In this article, I take an in-depth look at the five top methods for thawing frozen scallops.
Method One: Refrigeration
Approximate defrost time: 24-30 hours
Here’s how to defrost frozen scallops in a fridge:
Step One: Take your scallops from the freezer and remove them from whatever packaging they are in. Next, place the scallops into a bowl, and cover the bowl with a lid or plastic wrap.
Step Two: Set your fridge’s temperature to 37 Fahrenheit (3 Celsius), rather than the standard 35 Fahrenheit (2 Celsius). Move any food which would spoil at this temperature to the coolest part of the fridge.
Step Three: Set your covered bowl of frozen scallops on the bottom shelf of your fridge, away from any open foodstuffs.
Step Four: Leave the bowl of frozen scallops to defrost for at least 24 hours. (If the scallops are not fully defrosted after this time, leave them for another 6 hours.)
Step Five: Pat your scallops dry, and either return them to the fridge (for max. 2-3 days) or cook them as you like.
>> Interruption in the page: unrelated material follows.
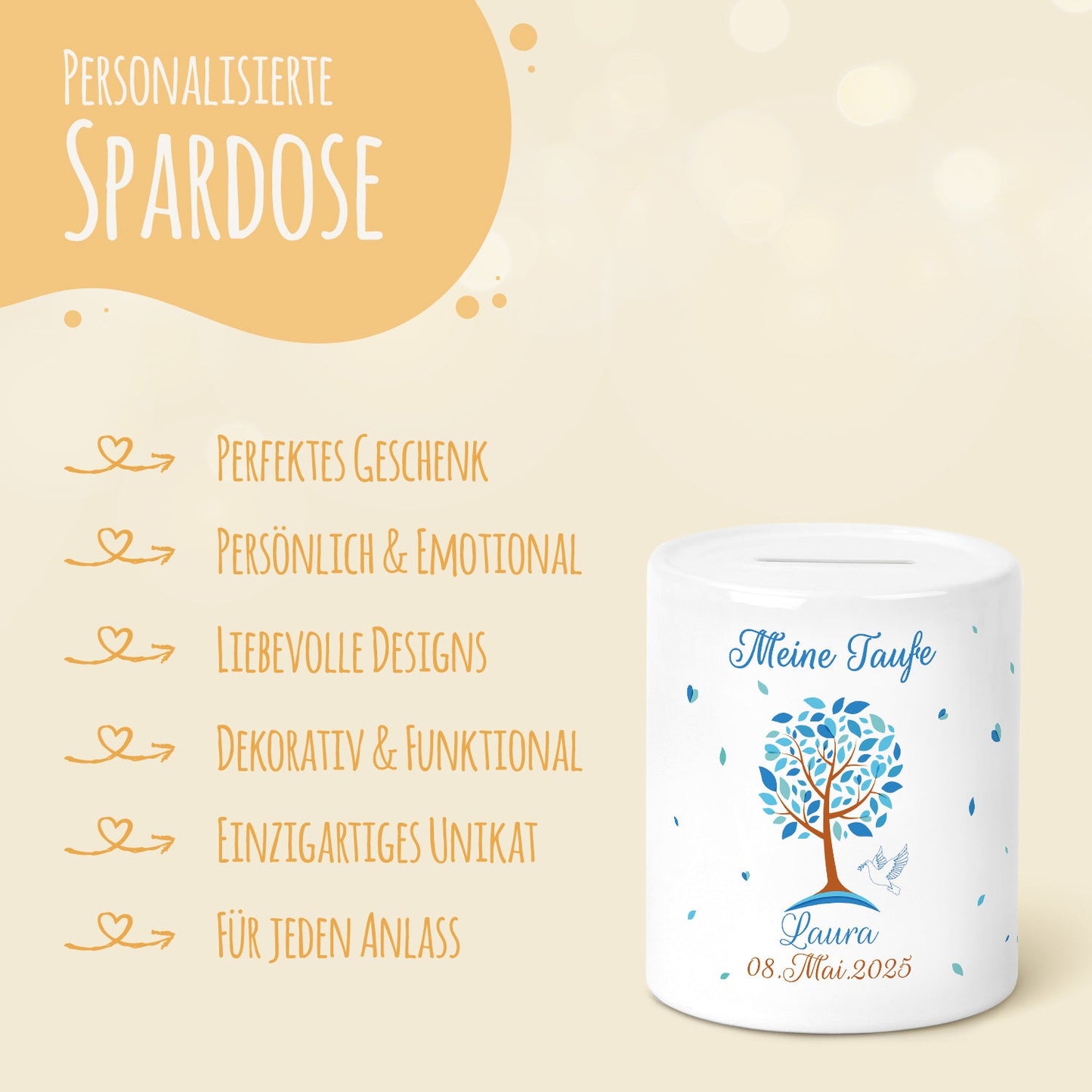 Spardose aus Keramik - Lebensbaum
Defrosting frozen scallops in the fridge is the safest way to thaw shellfish like this. Still, sometimes you can change your mind, and as it happens you may be asking yourself:
Can you refreeze scallops? Whilst you can typically refreeze meat that has been defrosted in the fridge, it is inadvisable to ever refreeze scallops. These shellfish are just too fragile to undergo defrosting and refreezing. The texture and taste quality of scallops will majorly suffer from refreezing.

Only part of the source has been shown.